* [WHAT TO PRODUCE] Would you transcribe the entries below, beginning at the line with "SaoltaArts's tweet photo." and ending after the line with "#galway2020 #gaillimh2020 #LetTheMagicIn", exactly, with no picture and nothing more?

* [INFORMATION SHOWN]
+ + + +

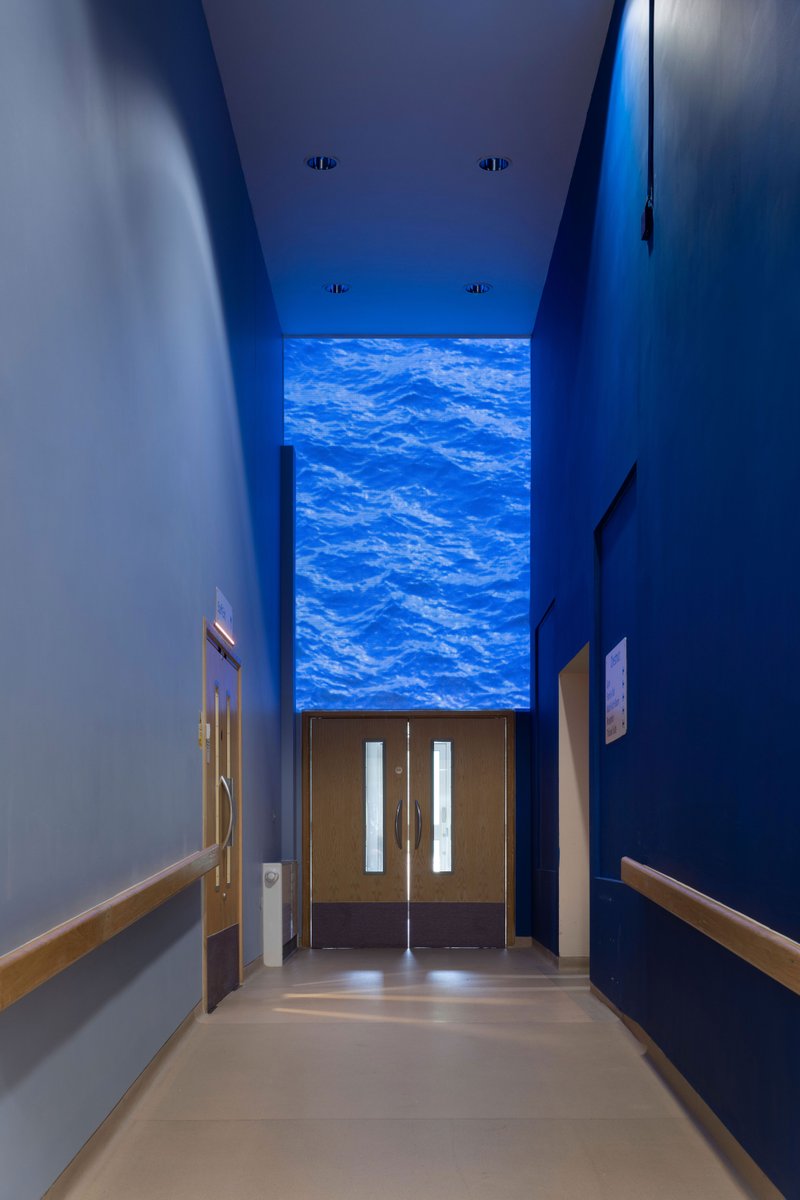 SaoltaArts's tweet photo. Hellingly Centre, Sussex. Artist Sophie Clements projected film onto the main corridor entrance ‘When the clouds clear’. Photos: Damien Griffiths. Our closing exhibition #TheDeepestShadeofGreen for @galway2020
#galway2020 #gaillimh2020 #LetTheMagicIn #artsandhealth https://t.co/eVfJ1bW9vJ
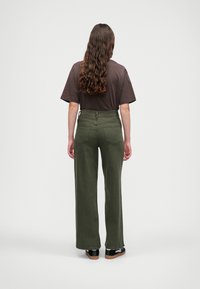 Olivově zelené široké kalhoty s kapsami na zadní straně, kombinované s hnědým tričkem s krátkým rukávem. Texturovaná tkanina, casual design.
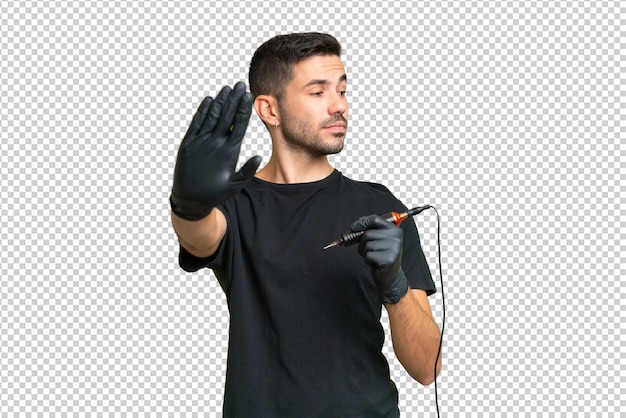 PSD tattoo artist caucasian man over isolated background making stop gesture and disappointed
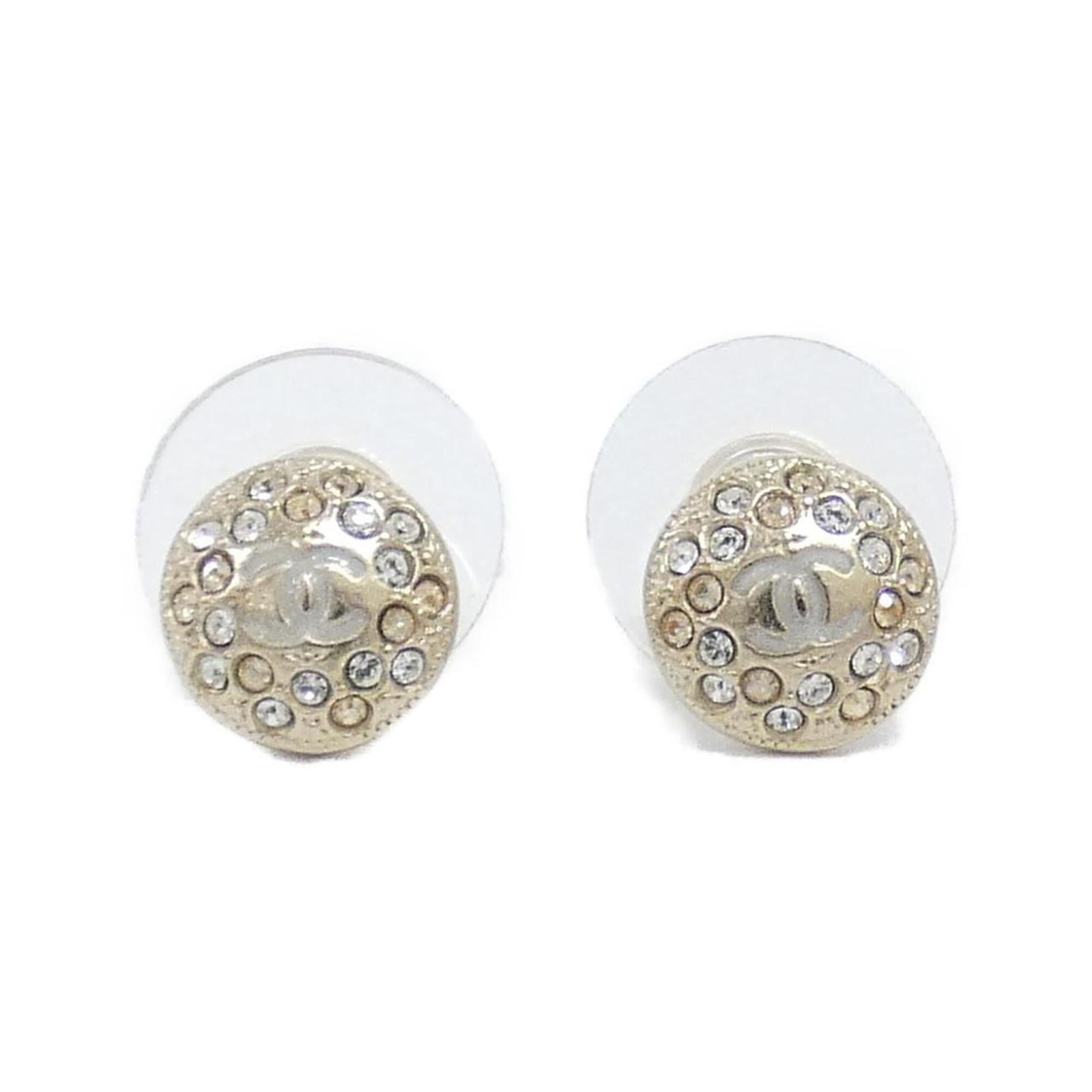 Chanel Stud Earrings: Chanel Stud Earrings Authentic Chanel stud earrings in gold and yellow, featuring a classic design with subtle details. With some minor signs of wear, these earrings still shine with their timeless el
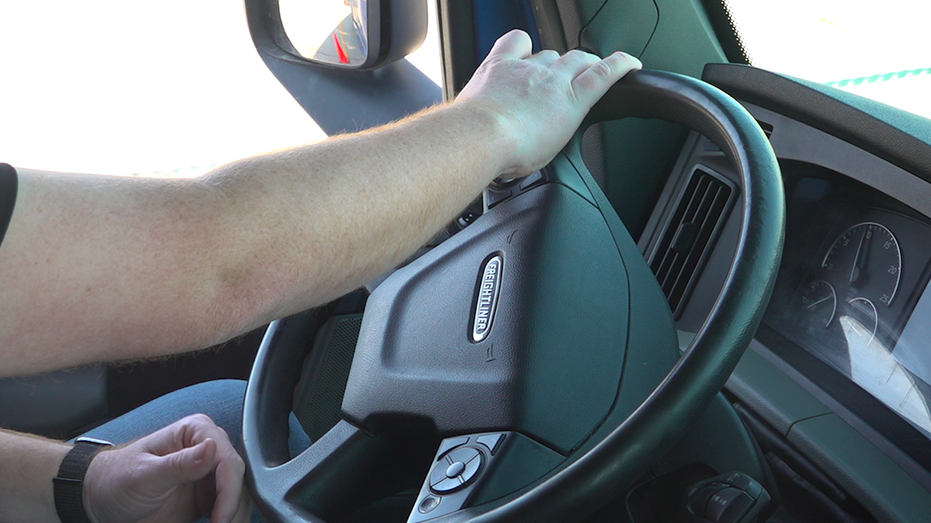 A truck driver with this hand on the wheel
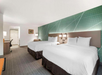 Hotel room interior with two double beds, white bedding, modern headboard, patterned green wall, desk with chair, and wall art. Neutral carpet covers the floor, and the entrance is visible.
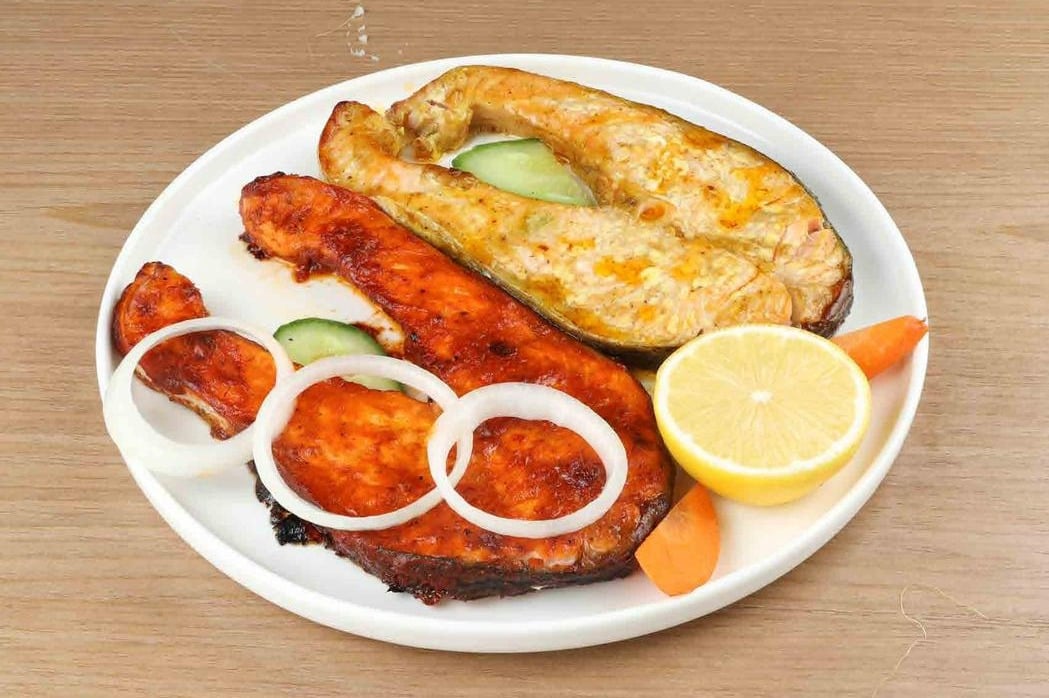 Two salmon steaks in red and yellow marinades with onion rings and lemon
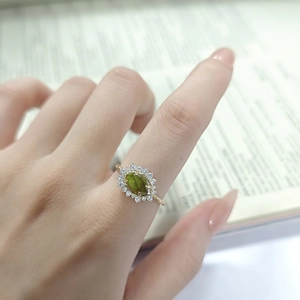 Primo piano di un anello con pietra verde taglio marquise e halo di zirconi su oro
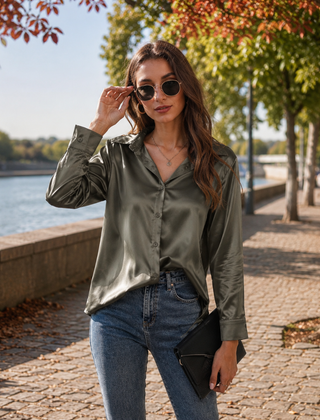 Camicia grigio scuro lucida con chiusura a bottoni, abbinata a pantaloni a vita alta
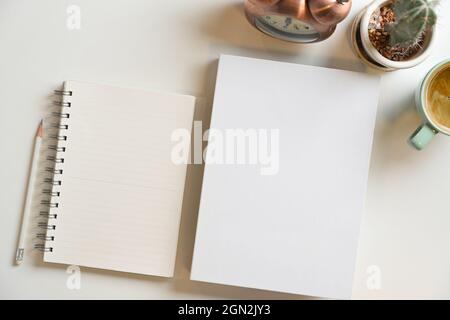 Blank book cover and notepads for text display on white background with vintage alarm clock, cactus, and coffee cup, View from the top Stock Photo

+ + + +

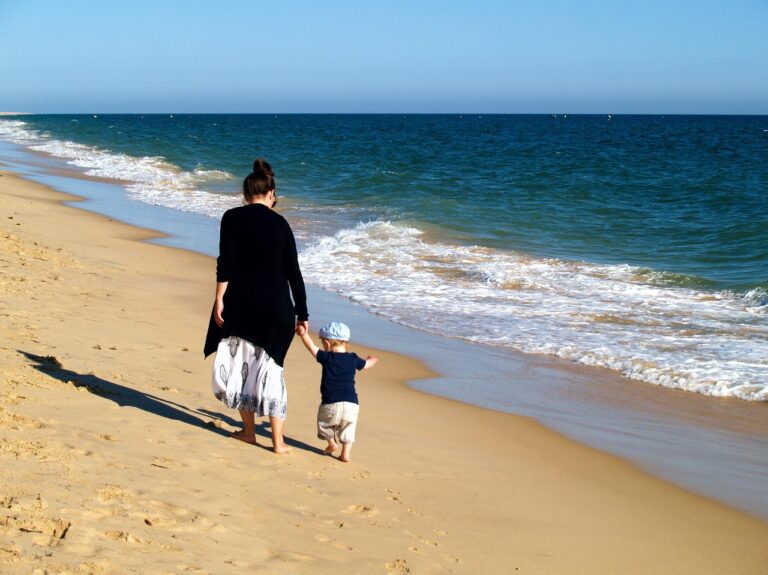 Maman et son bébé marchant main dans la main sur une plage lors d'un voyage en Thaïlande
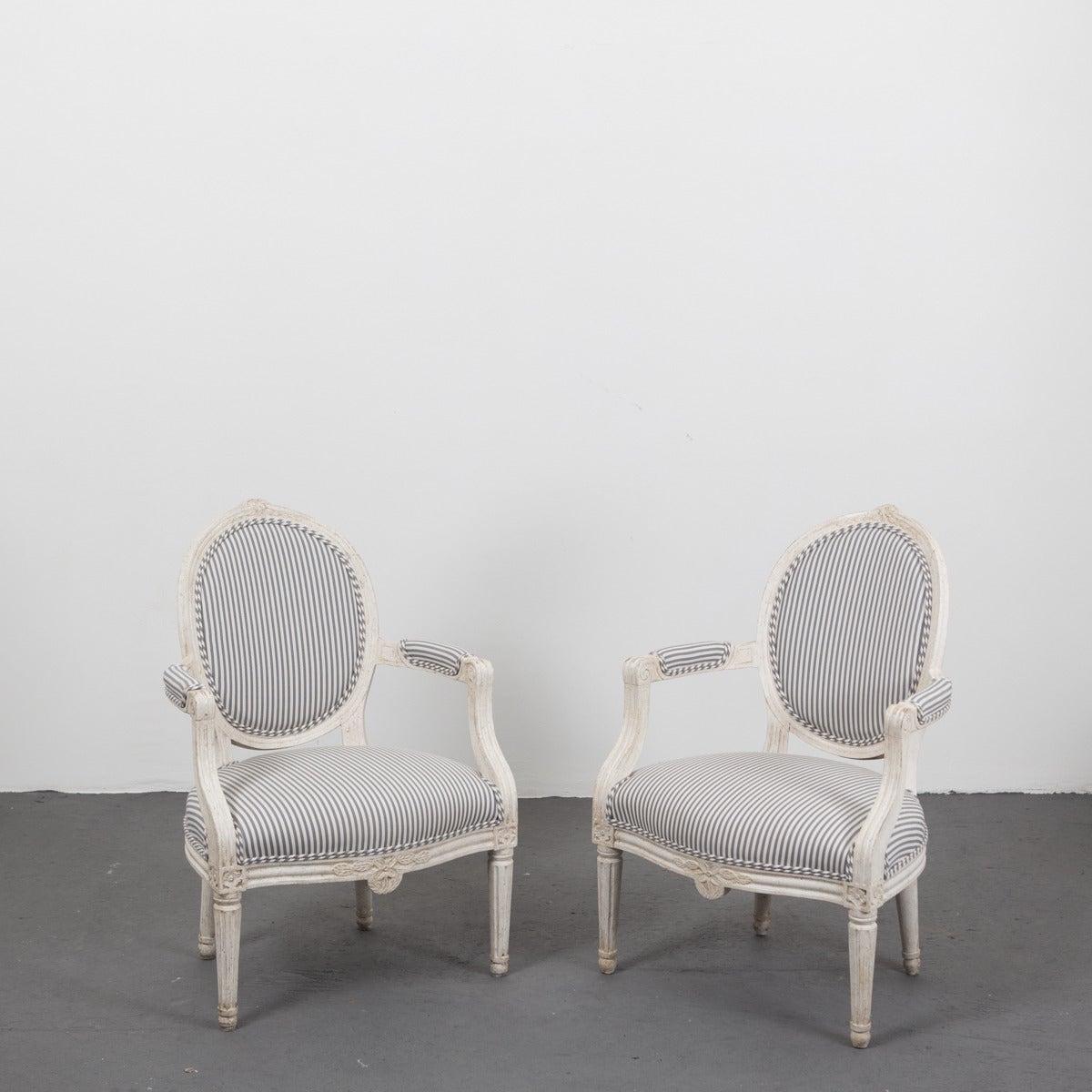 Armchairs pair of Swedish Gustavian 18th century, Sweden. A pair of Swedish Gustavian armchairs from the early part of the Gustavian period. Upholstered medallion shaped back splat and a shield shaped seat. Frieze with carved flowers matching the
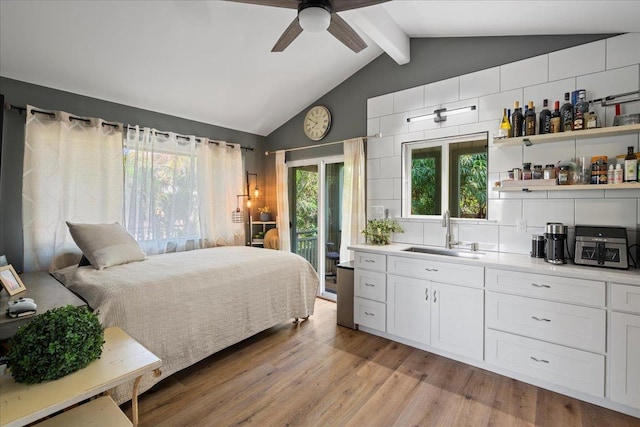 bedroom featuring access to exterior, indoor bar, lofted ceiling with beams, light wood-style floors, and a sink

+ + + +

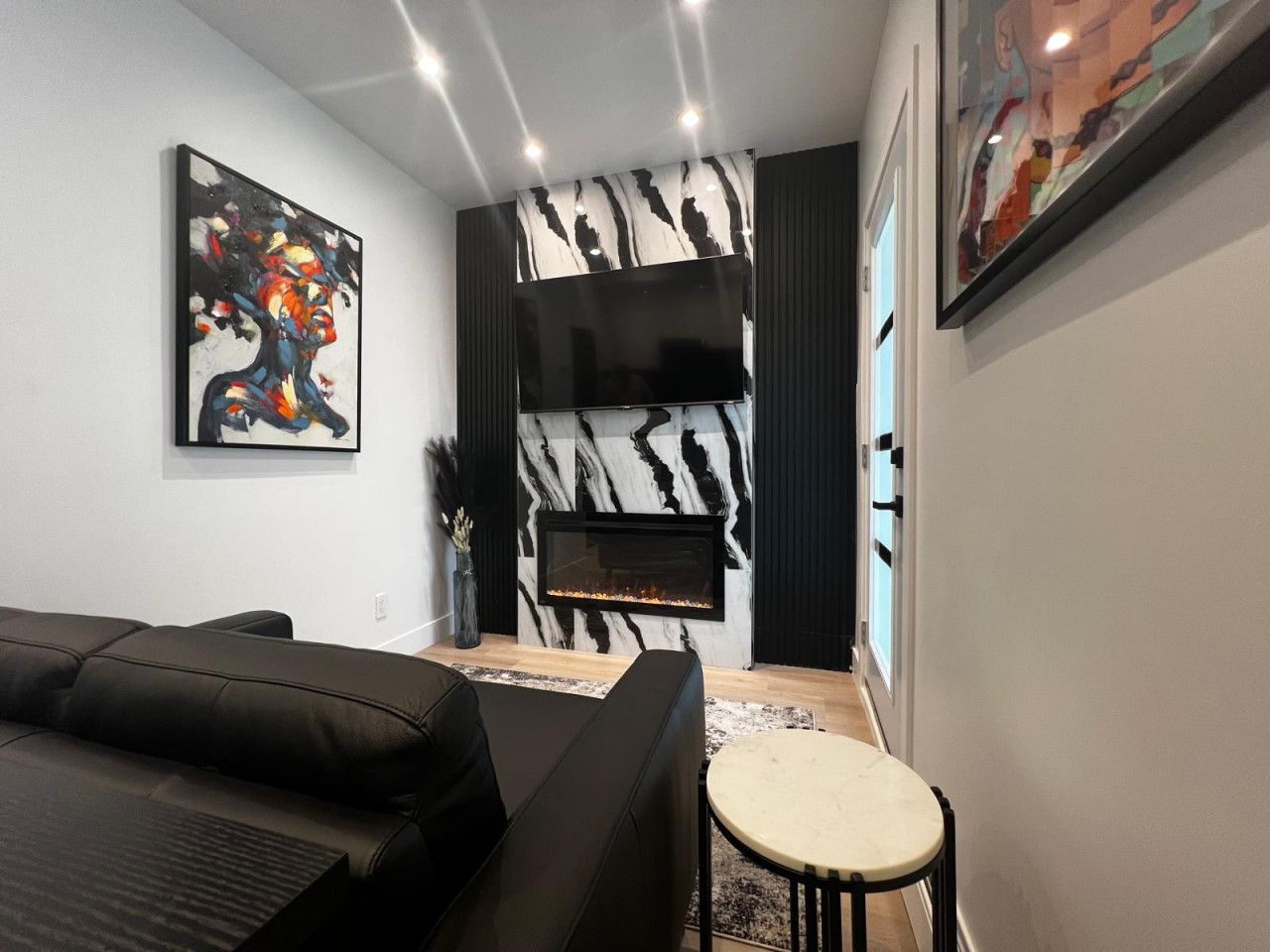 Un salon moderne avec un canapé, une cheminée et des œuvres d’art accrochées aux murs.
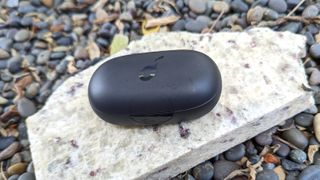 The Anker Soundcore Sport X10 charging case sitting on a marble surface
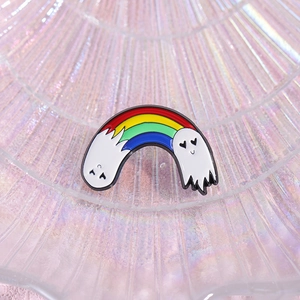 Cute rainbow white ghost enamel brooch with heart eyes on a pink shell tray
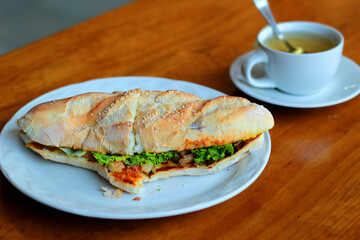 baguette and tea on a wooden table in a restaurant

+ + + +

* [RESPONSE AREA]
 SaoltaArts's tweet photo. Hellingly Centre, Sussex. Artist Sophie Clements projected film onto the main corridor entrance ‘When the clouds clear’. Photos: Damien Griffiths. Our closing exhibition #TheDeepestShadeofGreen for @galway2020
#galway2020 #gaillimh2020 #LetTheMagicIn #artsandhealth https://t.co/eVfJ1bW9vJ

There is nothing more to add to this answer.